#### THE RECORDS
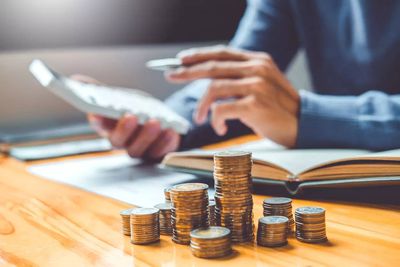 Largecap mutual funds hold lowest cash levels in 12 months. Should investors see it as a bullish signal or exercise caution?
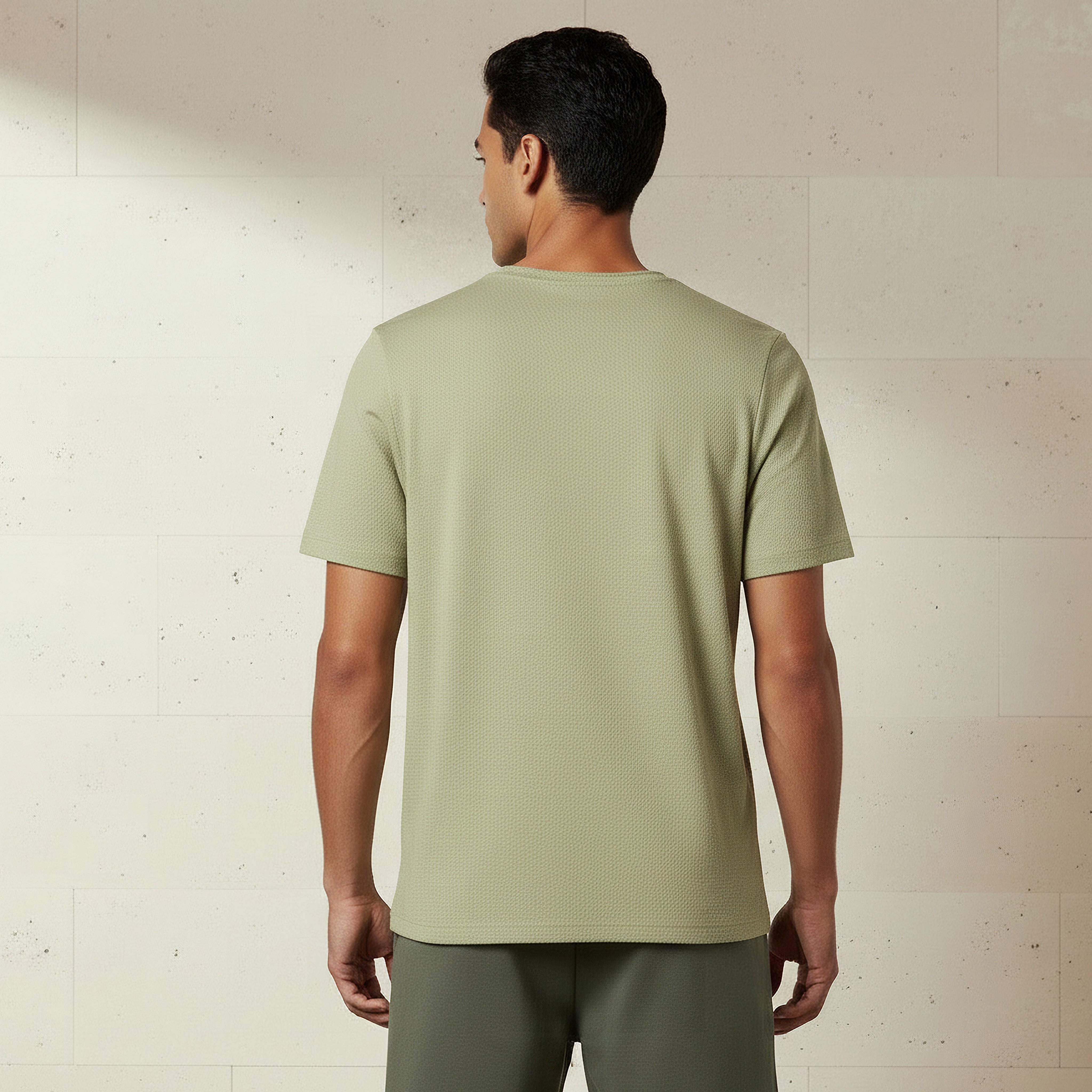تيشيرت رجالي بقصة سليم وياقة ضيقة وملمس بارز وأكمام قصيرة من آيكونيك-men-clothing-tshirtsandpolos-tshirts-image-3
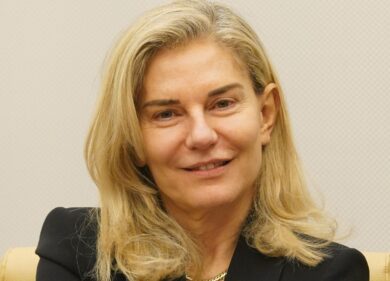 Elena Basile, la nuova Orsini: l’ex ambasciatrice è già una star tv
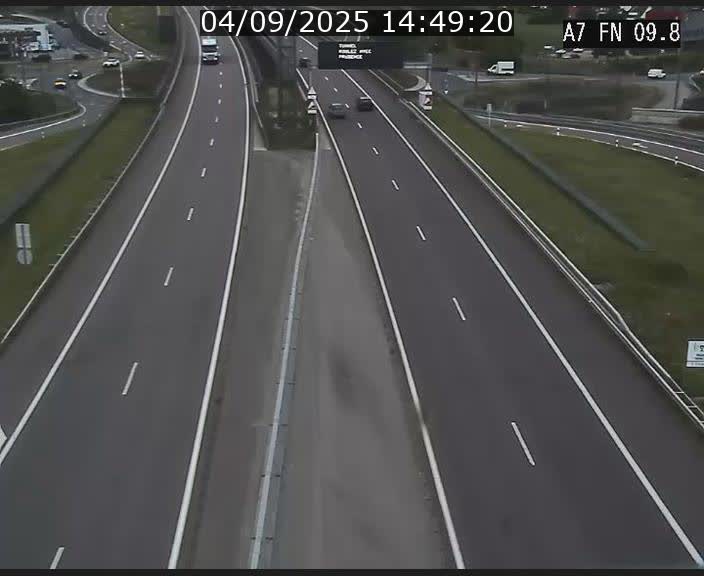 Caméra trafic Luxembourg - A7, Tunnel Gousselerbierg, sortie sud, direction rond-point Lorentzweiler (BK 9.9)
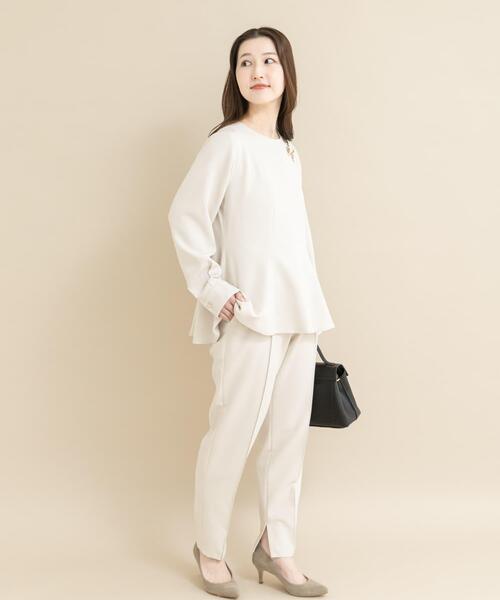 URBAN RESEARCH ROSSO WOMEN（アーバンリサーチ　ロッソ）の「『WEB/一部店舗限定』『SHORT/TALLサイズあり』ペプラムブラウス+テーパードパンツ（セットアップ・レディース・ネイビー/ホワイト系その他・36/TALL/38/SHORT）」の13枚目の写真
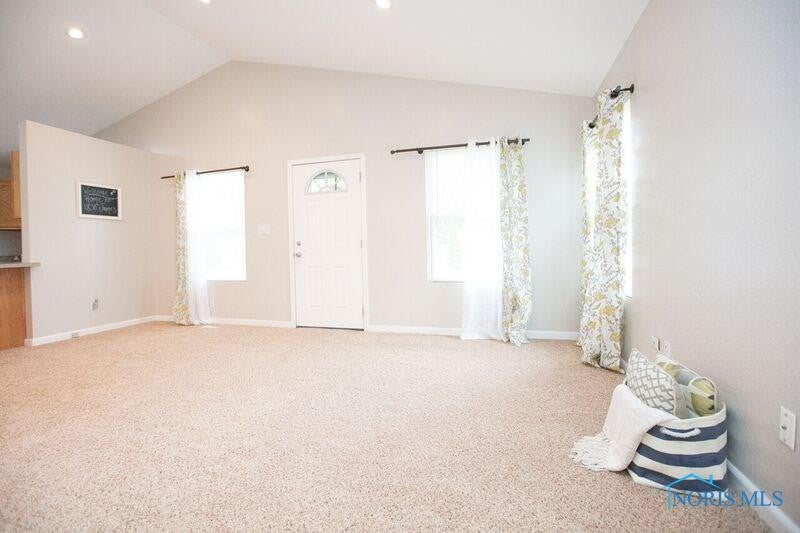 1830 James Road Oregon, OH 43616 - Photo 4 of 24 Gallery Image 4
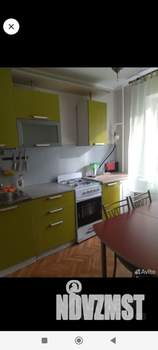 2-к квартира, вторичка, 53м2, 1/10 этаж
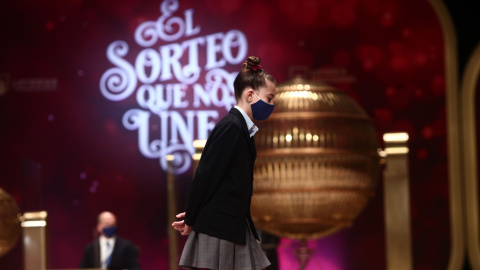 Una de las niñas de la residencia de San Ildefonso durante la celebración del Sorteo Extraordinario de la Lotería de Navidad 2020 en el Teatro Real de Madrid (España), a 22 de diciembre de 2020.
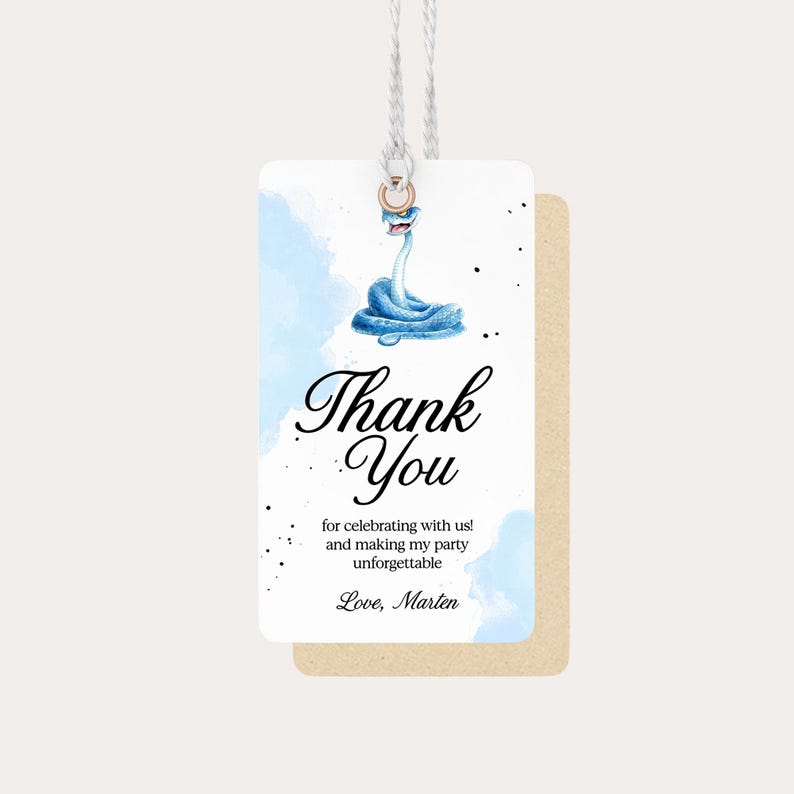 K&ouml;nnte beinhalten: Ein wei&szlig;es Geschenk-Etikett mit einer blauen Aquarell-Schlangen-Illustration und den Worten "Thank You". Das Etikett enth&auml;lt auch den Text "for celebrating with us! and making my party unforgettable" und "Love, Marten".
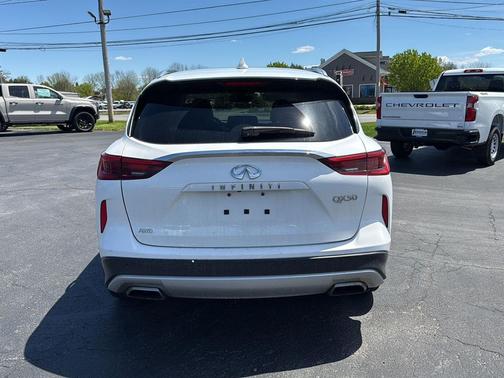 Majestic White 2019 INFINITI QX50 ESSENTIAL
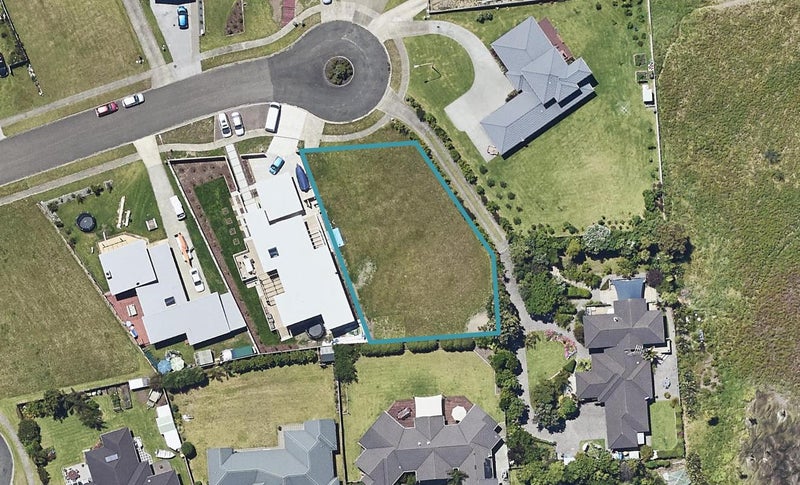 8 Motutere Place, Ohope, Ōhope - Carousel 1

#### WORK TASK
Set down the material above as is, without any pictures.

#### WRITTEN SOLUTION
 Largecap mutual funds hold lowest cash levels in 12 months. Should investors see it as a bullish signal or exercise caution?
تيشيرت رجالي بقصة سليم وياقة ضيقة وملمس بارز وأكمام قصيرة من آيكونيك-men-clothing-tshirtsandpolos-tshirts-image-3
 Elena Basile, la nuova Orsini: l’ex ambasciatrice è già una star tv
 Caméra trafic Luxembourg - A7, Tunnel Gousselerbierg, sortie sud, direction rond-point Lorentzweiler (BK 9.9)
 URBAN RESEARCH ROSSO WOMEN（アーバンリサーチ　ロッソ）の「『WEB/一部店舗限定』『SHORT/TALLサイズあり』ペプラムブラウス+テーパードパンツ（セットアップ・レディース・ネイビー/ホワイト系その他・36/TALL/38/SHORT）」の13枚目の写真
 1830 James Road Oregon, OH 43616 - Photo 4 of 24 Gallery Image 4
 2-к квартира, вторичка, 53м2, 1/10 этаж
 Una de las niñas de la residencia de San Ildefonso durante la celebración del Sorteo Extraordinario de la Lotería de Navidad 2020 en el Teatro Real de Madrid (España), a 22 de diciembre de 2020.
 K&ouml;nnte beinhalten: Ein wei&szlig;es Geschenk-Etikett mit einer blauen Aquarell-Schlangen-Illustration und den Worten "Thank You". Das Etikett enth&auml;lt auch den Text "for celebrating with us! and making my party unforgettable" und "Love, Marten".
 Majestic White 2019 INFINITI QX50 ESSENTIAL
 8 Motutere Place, Ohope, Ōhope - Carousel 1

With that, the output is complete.